As a special language activity, poetry often operates on the boundary of language possibilities, trying to accept the language norms and expanding it by including elements from other languages or even language systems. As for the relationship between words in a certain language and the material world, this will inevitably bring the subject into this relationship, thereby forming a close interlocking relationship between language, material and subject. Nevertheless, this connection is not rigid, but a continuous process of decomposition and reconstruction.
As for the theoretical part, the discussions held in this issue include Wolfgang Welsch’s concept of transculturality, Vygotsky’s thinking and speech, Bakhtin’s theory of dialogue, and Jan Baudouin de Courtenay’s phoneme theory. Overall, the articles in this issue have academic depth, length, and breadth.
The issue begins with two articles focusing on the work of the Yōko Tawada. The first contribution explores the poetics of “exophony” by Yoko Tawada, a bilingual Japanese writer (Japanese and German), who chose a foreign language (German) as her literary medium. Tawada’s poetics of “exophony” is to liberate language from its fixed meaning and form a new literary creativity. In addition, this “exophony” writing needs additional and almost simultaneous translations between “external speeches”, which Tawada calls a self-translation process (Japanese-German). According to this view, Tawada equates her writing activities with translation. The other author tackles the famous Japanese poet from the perspective of “liminality”, putting her into contrast to the American-born Japanese poet Arthur Binard, who serves as example to elaborate on the characteristics of Tawada’s verse.
The next paper examines orientalism of Gabriele D’Annunzio, an Italian writer and poet in the late 19th and early 20th centuries. D’Annunzio expresses his orientalism in a short story titled Mandarina displaying “Eastern” exoticism in a space filled with Japanese artifacts and erotic desires. However, it turns out that D’Annunzio’s orientalism is a fictional East imagined by the West, which is exactly the orientalism under the concept of “Western social superiority” described by Said.
The topic of the next article is multilingualism in modern Russian poetry, in which the author formulates a typology of the Russian multilingual poetry; it consists of “situational”, “intertextual”, “creational-performative” and “cultural-identical” types of poetic form. At the end of the paper, the author draws a challenging conclusion: unlike America and Europe, Russian multilingual poetry rarely involves socio-political and identity issues. In most cases, Russian multilingualism is limited to aesthetics and cultural reference area.
The final article can be regarded as an important part of completing the transcultural topic in this issue.

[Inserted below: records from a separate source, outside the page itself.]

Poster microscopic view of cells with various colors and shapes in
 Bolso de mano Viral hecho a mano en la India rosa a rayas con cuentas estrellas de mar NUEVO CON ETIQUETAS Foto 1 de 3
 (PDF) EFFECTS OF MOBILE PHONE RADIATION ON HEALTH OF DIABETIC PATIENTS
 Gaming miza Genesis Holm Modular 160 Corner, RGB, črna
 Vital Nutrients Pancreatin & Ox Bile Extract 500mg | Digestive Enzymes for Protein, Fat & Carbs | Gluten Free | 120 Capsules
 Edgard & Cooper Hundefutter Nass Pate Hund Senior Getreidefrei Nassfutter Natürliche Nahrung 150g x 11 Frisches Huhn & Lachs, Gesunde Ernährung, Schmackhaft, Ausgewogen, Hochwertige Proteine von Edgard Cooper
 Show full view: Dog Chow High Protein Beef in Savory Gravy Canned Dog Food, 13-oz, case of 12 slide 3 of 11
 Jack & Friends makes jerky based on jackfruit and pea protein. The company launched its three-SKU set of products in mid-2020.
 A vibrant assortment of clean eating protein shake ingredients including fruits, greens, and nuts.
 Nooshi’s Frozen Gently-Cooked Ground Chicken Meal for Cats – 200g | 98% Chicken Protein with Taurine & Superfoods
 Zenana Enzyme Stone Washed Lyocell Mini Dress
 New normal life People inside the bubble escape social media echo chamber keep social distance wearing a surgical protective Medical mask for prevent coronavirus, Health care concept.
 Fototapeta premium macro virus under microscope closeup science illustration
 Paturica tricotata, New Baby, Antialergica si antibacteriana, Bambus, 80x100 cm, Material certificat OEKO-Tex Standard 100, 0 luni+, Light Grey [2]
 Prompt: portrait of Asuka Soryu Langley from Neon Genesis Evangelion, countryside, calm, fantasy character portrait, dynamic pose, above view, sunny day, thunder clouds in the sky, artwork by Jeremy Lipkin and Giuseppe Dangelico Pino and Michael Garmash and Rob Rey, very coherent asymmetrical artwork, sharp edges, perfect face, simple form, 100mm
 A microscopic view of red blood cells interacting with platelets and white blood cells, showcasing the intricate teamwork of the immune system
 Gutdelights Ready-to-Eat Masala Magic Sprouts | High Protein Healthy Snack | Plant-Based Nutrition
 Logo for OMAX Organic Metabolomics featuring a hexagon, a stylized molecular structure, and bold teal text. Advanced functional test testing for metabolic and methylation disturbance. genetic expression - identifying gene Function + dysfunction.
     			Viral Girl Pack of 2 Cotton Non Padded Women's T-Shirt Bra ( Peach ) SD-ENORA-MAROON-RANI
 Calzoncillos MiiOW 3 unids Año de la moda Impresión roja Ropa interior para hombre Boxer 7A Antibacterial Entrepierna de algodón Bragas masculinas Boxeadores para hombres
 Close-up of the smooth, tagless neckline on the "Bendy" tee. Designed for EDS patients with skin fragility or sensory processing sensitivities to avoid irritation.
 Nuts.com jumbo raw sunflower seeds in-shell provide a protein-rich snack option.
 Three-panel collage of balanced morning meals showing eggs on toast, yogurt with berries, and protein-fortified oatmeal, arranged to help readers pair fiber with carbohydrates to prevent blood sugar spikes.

The paper examines the contemporary sinophone classicist poetry by Chang Yi-Jen (Zhang Yiren), a recent Taiwan literary historian and poet. Contemporary sinophone classicist poetry has not received enough academic attention so far, and this article just fills this shortcoming. The author uses the transcultural perspective to analyze Chang’s poetry, which not only helps to understand contemporary sinophone classicist poetry, but also enriches the discussion about transculturality.
From exophony writing, orientalism, multilingualism to contemporary sinophone classicist poetry, all articles are good at showing the discourses of transcultural perspectives (whether positive or negative). They verified that cultures penetrate each other on various levels and time periods, far beyond people’s imagination. As for the relationship between translation and text, in addition to transcending language boundaries through translation, literary text is also given a new written body.
We would like to express our thanks to the editor and the editorial board of interface for their continuous support and the wonderful atmosphere of creative cooperation generated by all people who have contributed to the completion of this volume.